→ **WHAT YOU ARE ASKED TO DO**:
Repeat the listing exactly, line by line, and leave the pictures behind.

→ **RECORDS TO PROCESS**:
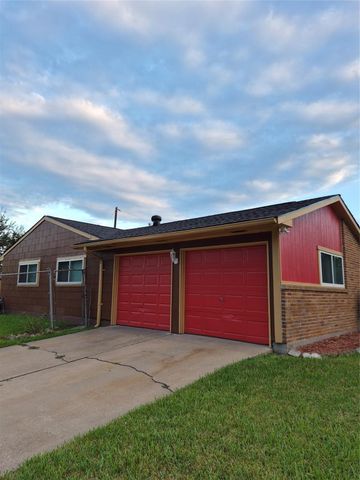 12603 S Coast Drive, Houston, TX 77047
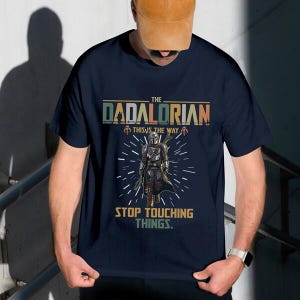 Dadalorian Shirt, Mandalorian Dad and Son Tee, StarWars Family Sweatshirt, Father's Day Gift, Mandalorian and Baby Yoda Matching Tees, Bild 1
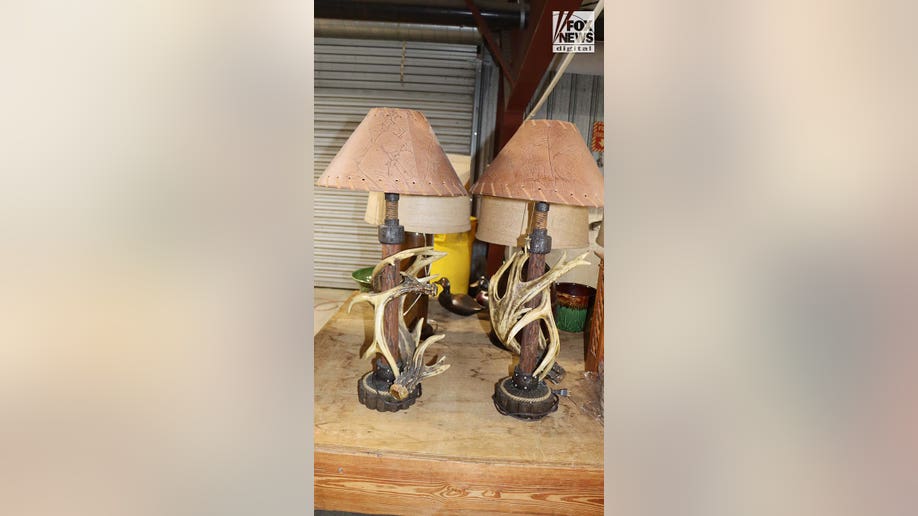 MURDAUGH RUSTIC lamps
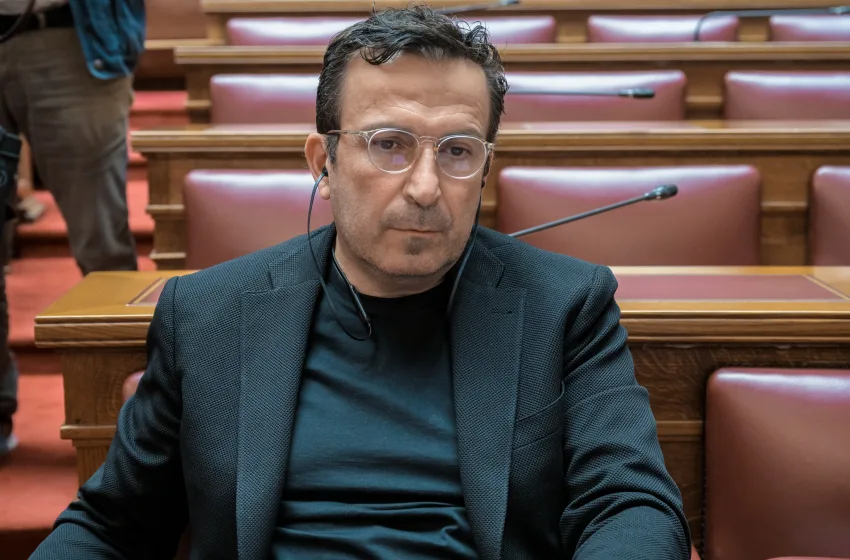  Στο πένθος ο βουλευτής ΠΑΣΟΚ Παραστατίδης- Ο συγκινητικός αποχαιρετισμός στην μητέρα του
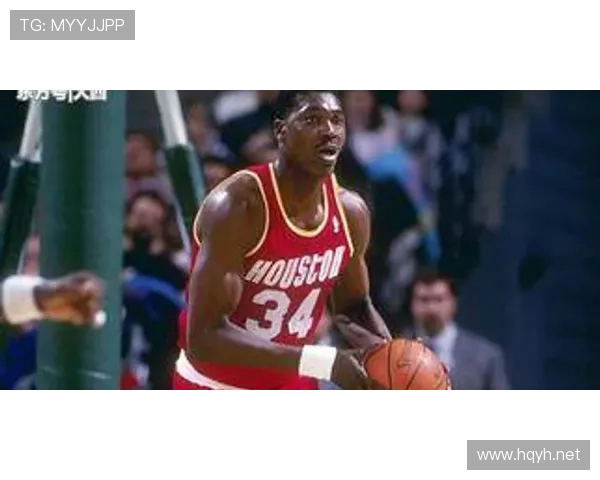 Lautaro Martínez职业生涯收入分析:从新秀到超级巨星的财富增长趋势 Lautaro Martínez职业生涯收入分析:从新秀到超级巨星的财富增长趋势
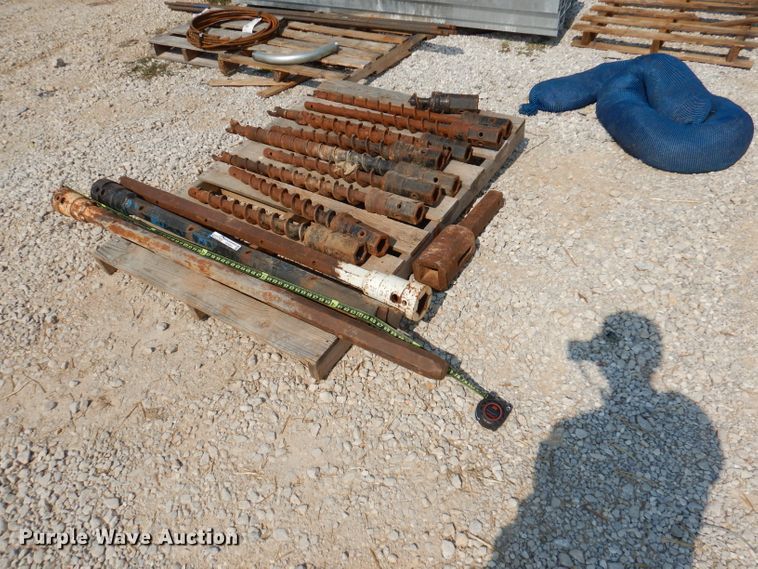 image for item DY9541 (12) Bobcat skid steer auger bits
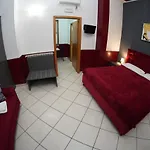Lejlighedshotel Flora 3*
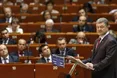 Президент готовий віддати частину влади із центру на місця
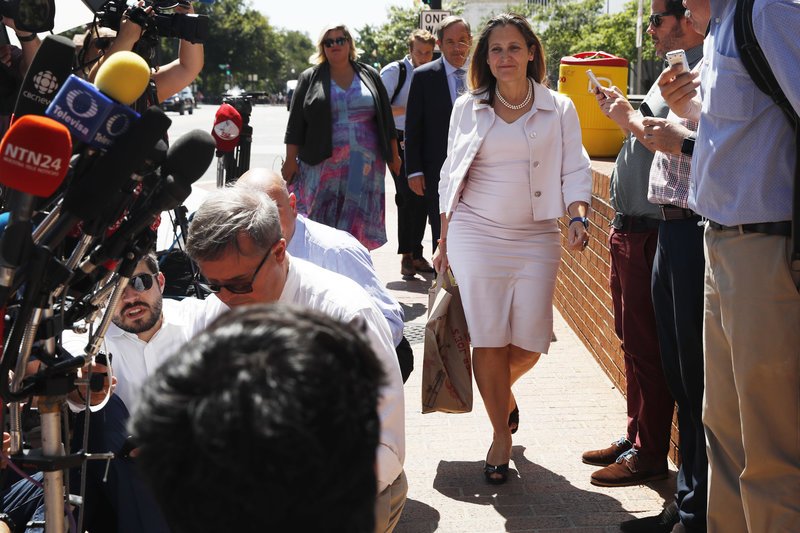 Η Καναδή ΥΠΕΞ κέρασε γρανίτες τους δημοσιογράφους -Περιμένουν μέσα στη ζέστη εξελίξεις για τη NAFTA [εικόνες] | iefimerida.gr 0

→ **REPLY TO THE EXERCISE**:
 12603 S Coast Drive, Houston, TX 77047
 Dadalorian Shirt, Mandalorian Dad and Son Tee, StarWars Family Sweatshirt, Father's Day Gift, Mandalorian and Baby Yoda Matching Tees, Bild 1
 MURDAUGH RUSTIC lamps
  Στο πένθος ο βουλευτής ΠΑΣΟΚ Παραστατίδης- Ο συγκινητικός αποχαιρετισμός στην μητέρα του
 Lautaro Martínez职业生涯收入分析:从新秀到超级巨星的财富增长趋势 Lautaro Martínez职业生涯收入分析:从新秀到超级巨星的财富增长趋势
 image for item DY9541 (12) Bobcat skid steer auger bits
Lejlighedshotel Flora 3*
 Президент готовий віддати частину влади із центру на місця
 Η Καναδή ΥΠΕΞ κέρασε γρανίτες τους δημοσιογράφους -Περιμένουν μέσα στη ζέστη εξελίξεις για τη NAFTA [εικόνες] | iefimerida.gr 0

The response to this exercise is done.